United States District Court, D. Massachusetts

December 15, 2017




         Tosha Andrews (hereafter "Tosha"), as the personal representative and duly qualified Administrator of the Estate of Sara D. Culp (hereafter "Sara"), also known as Sara D. Andrews, requests an order allocating for final distribution the proceeds of a settlement which this court had previously approved. After payment of liens of Medicare and Virginia Medicaid, approval of the attorneys' fees and expenses, approximately $512, 520.00 remain in the estate for distribution to statutory beneficiaries.

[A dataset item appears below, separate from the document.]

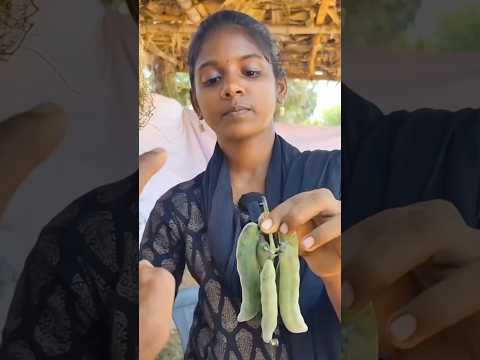 மிக அரிதான பூனை காலி #trending #farming #shorts #village #agriculture #vivasayam #villagelife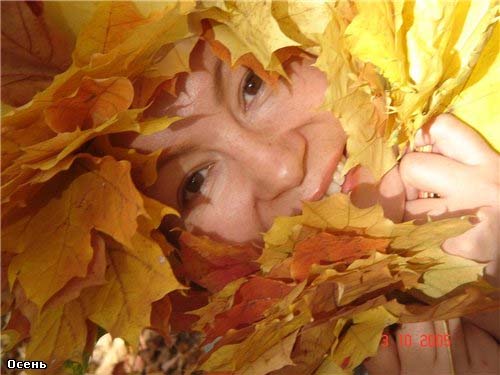 Осень. семья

Under Virginia law, the statutory beneficiaries include all living children of the deceased and the children of any deceased child. Attached, as Exhibit A, is a chart that depicts all statutory beneficiaries in this case. It includes one son, William Dale Andrews, Jr., who, despite counsel's extensive search, was not found. Thus, the claimants are three living children of Sara and nine of her grandchildren.

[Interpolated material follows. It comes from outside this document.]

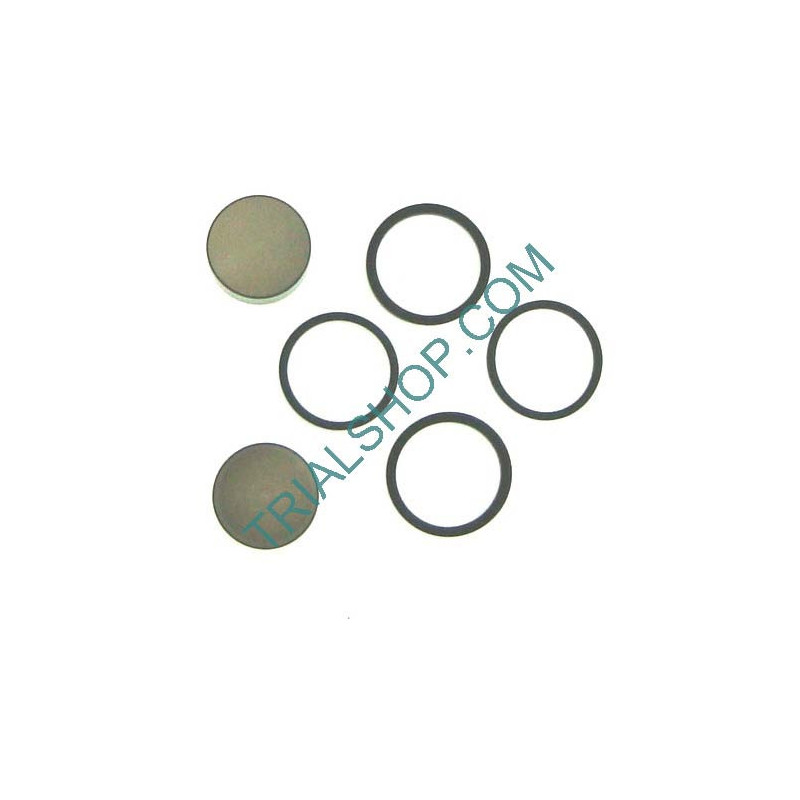 Kit pistoncini e guarnizioni pinza EVO 2T-REV 4T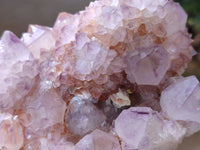 Natural Ametrine Cactus Spirit Quartz Clusters x 2 From South Africa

         In accordance with Va. Code § 8.01-55, the court held hearings simultaneously in Boston and, by video, in Roanoke, Virginia. Everyone in both courtrooms who wished to speak was heard. Two of Sara's children, Roger and Joseph, came to Boston. Roger also provided a written statement, as did Charles, who was not able to be present at either venue. Two groups of grandchildren presented claims, the children of Debbie Denise Andrews and those of James Kevin Andrews. From the first group, only Tosha Andrews appeared in Boston with counsel in her capacities as administratrix of Sara's estate and as beneficiary. She testified and also provided a written statement. Brandon and Rodney Andrews were represented by their respective Guardians ad litem, Timothy Dooley and John D. Eure, in Roanoke and both made written submissions. Nina Andrews appeared in Roanoke and testified. Four children of James, namely Alexis Andrews, as well as Laura, Cassandra and Corey Jennings, participated from Roanoke. All, individually or jointly with others, also submitted written statements. Michael Gilmer only recently recorded his interest.

         Based on the evidence presented, the court must determine the amount to be distributed to each of these statutory beneficiaries and it must do so in accordance with the criteria set forth in the statute, Va. Code § 8.01-52. Thus, the amount to be awarded to any beneficiary shall be based on that person's "sorrow, mental anguish, and solace which may include society, companionship, comfort, guidance, kindly offices and advice of decedent." It may also include "compensation for reasonably expected loss of (i) income of the decedent and (ii) services, protection, care and assistance provided by the decedent." The statute does not provide for compensation to any beneficiary for wrongs allegedly committed by, or at the instance of, other members of the family.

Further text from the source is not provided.